How to make khaman dhokla

Tips and FAQ

Ingredients

Rice – 1/2 cup

Urad dal – 1/2 cup

moong dal (washed) – 1/2 cup

Sour curd – 1 1/2 cups

Green chilies – 2 (finely chopped)

Ginger – 1/4 teaspoon (finely chopped)

Baking soda – 1/2 teaspoon

Oil – 1 tablespoon

Salt – to taste

Red chili powder

Grated coconut

Fresh coriander leaves – for garnishing

Mustard seeds – 1/2 teaspoon

Asafoetida (hing) – 1/8 teaspoon

Curry leaves

How to make khaman dhokla

First, wash the rice, moong dal, and urad dal thoroughly with clean water. Drain the water and let them dry on a cloth for 5-6 hours. Once the dal is completely dry, grind it in a mixer to a texture similar to semolina (sooji). Add curd to this mixture and mix it well. Cover the mixture and let it ferment in a warm place for 7-8 hours.

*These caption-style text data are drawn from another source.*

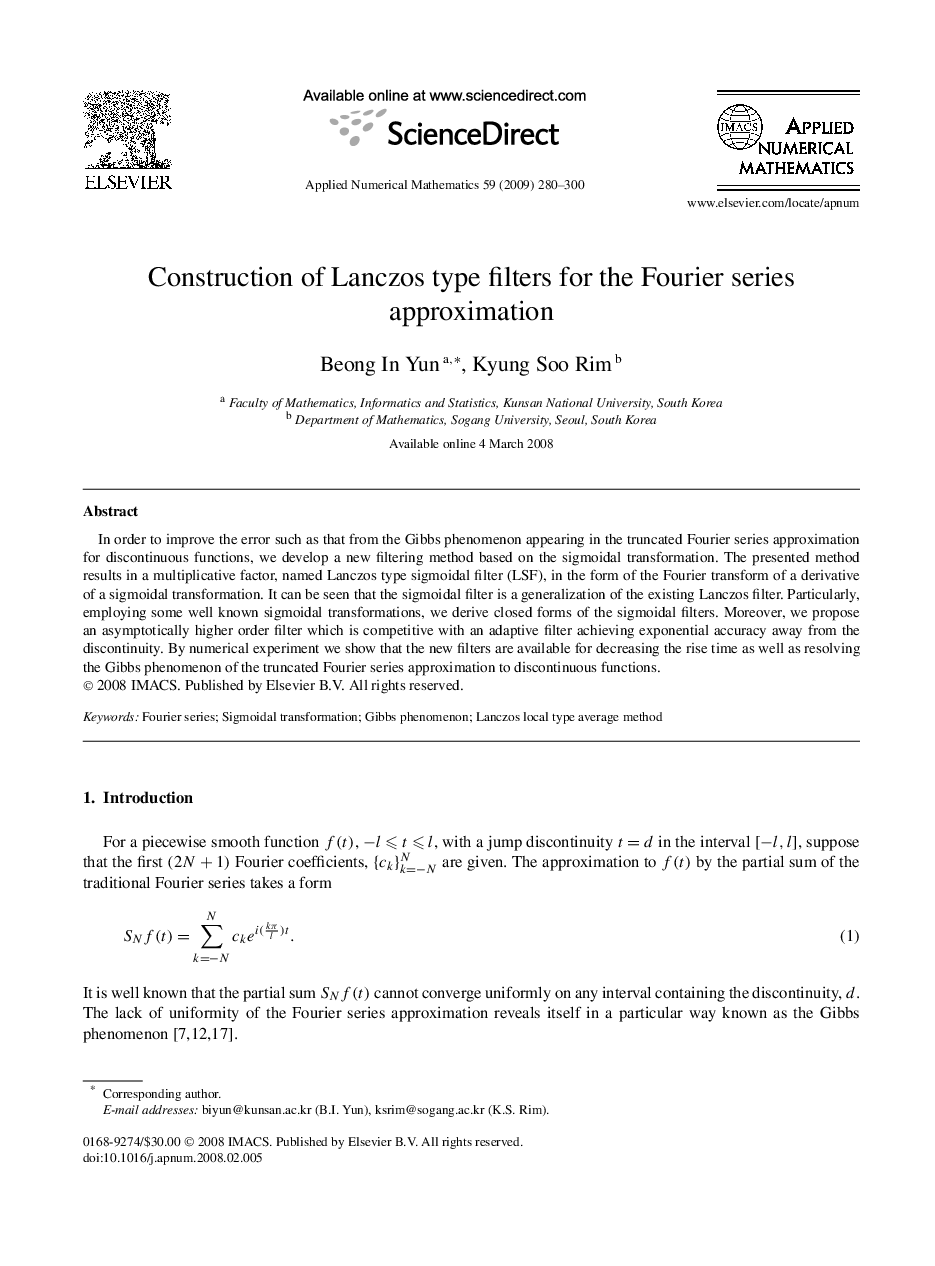 Construction of Lanczos type filters for the Fourier series approximation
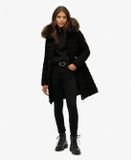 Superdry Fuji Jas Met Capuchon En Imitatiebont Dames Zwart
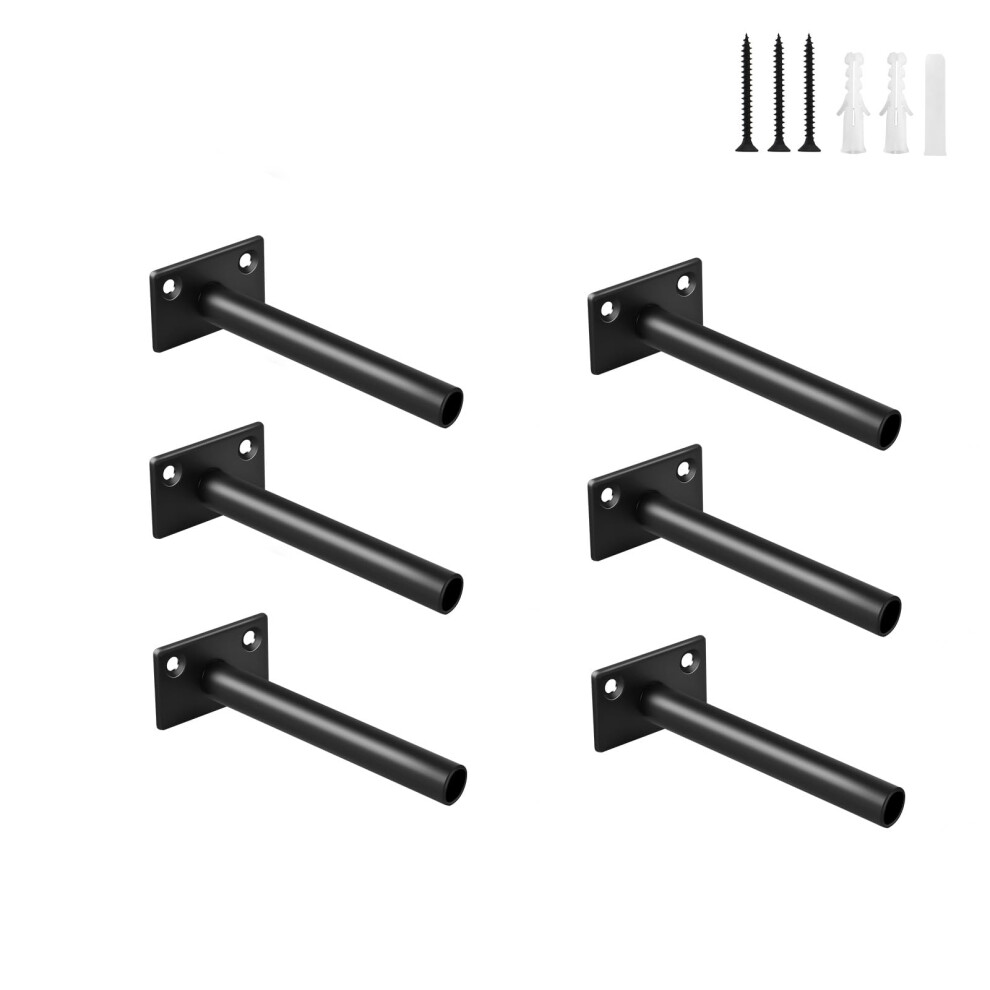 10.2 Cm Black Steel Shelf Brackets Â Concealed Floating Wood Shelf Supports Â Includes Screws And Anchors Â 6 Pack 6482260504193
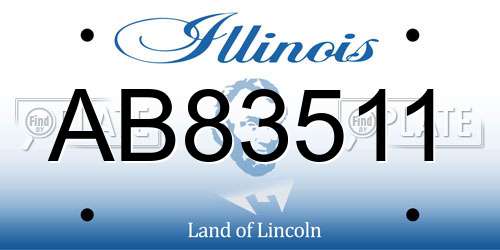 AB83511 Illinois License Plate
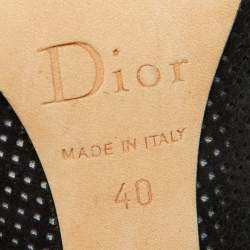 Pre Owned Dior Black Perforated Suede Cherie Pointed Toe Pumps Size 40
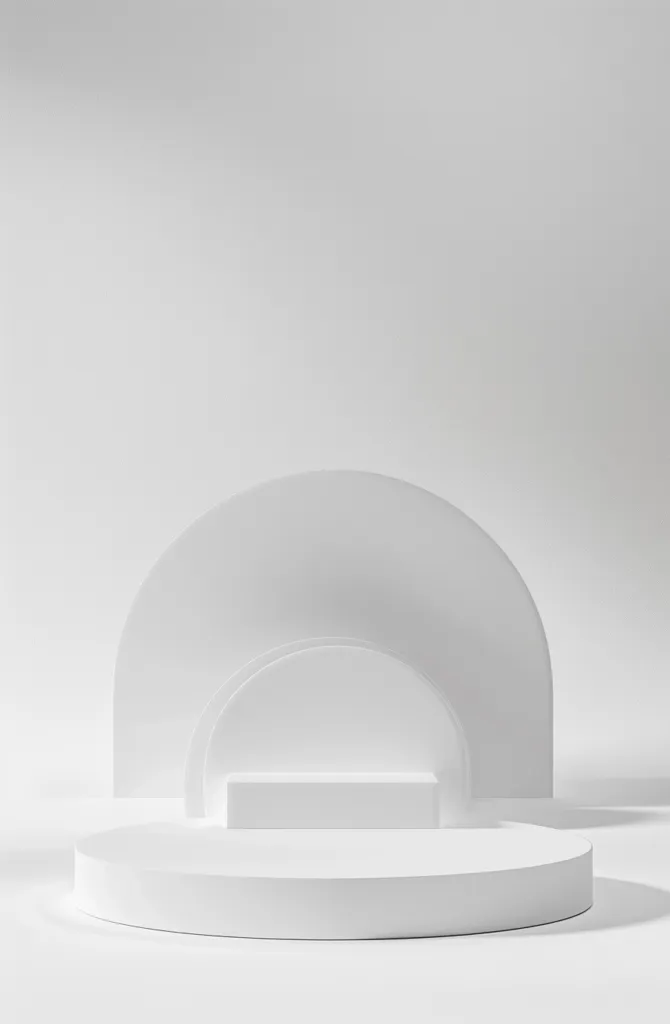 A minimalist, white product display with three geometric shapes.  The largest is a semi-circle, followed by a smaller one, and a rectangular base. The platform is on a plain white background.  The abstract shapes create a modern and clean aesthetic.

After 7-8 hours, the batter will be fermented. Now, take a bowl and add refined oil to it. Mix baking soda into the oil thoroughly. Add this mixture to the Khaman batter along with finely chopped ginger, green chilies, and salt. Mix everything well.

Next, take a plate and grease it properly with oil. Transfer the Khaman batter to the greased plate. In a large vessel, pour some water and place a small bowl filled with water inside it. Place the plate with the Khaman batter on top of the bowl. Turn on the gas flame and let it cook on high heat for 10-15 minutes.

Remove the lid and check the Khaman by inserting a knife. If the knife comes out clean, it means the Khaman is cooked. If the knife doesn’t come out clean, cover it again and let it cook for a few more minutes.

Once the Khaman is ready, turn off the gas flame and take out the plate. Sprinkle red chili powder, grated coconut, and chopped fresh coriander over the Khaman. Cut it into pieces using a knife.

For Tempering

Take a pan and add oil to it. Once the oil is hot, add mustard seeds and let them crackle. Then, add asafoetida (hing) and curry leaves. The tempering is ready. Turn off the gas flame and evenly pour the tempering over the Khaman.

Serve the sliced Khaman pieces on a plate. Enjoy it with green chutney or sauce.

Tips

To make Khaman in larger quantities, you can increase or decrease the given ingredients as needed.

FAQ

Is fermented food not good for health?

Not at all, fermented food is quite beneficial for the stomach. It provides several essential nutrients, and it can also help in relieving common issues like constipation, which has become a widespread problem today.

Can food be prepared through fermentation during the winter season?

Yes, absolutely. In cold weather, cover the batter with a cloth on all sides. Then, place it in a warm location to allow the fermentation process to occur. However, fermentation may take longer in winter.

How can you tell if the food has fermented properly?

If you’re making Dhokla for the first time through fermentation, after some time, the batter will become light and fluffy. When you stir it with a spoon, you will notice small holes at the bottom, indicating that the batter has fermented and is ready for making Dhokla.

What is khaman?

Khaman is a popular Gujarati dish made from gram flour (besan). It is a light and delicious snack that is prepared by steaming.

How to make khaman?

To make Khaman, a batter is prepared by mixing gram flour (besan) with turmeric, lemon juice, green chili, and ginger paste. This mixture is then steamed. After steaming, a tempering of mustard seeds, curry leaves, and green chilies is added on top, and it is garnished with fresh coriander and grated coconut. It is typically served with green chutney or sweet chutney.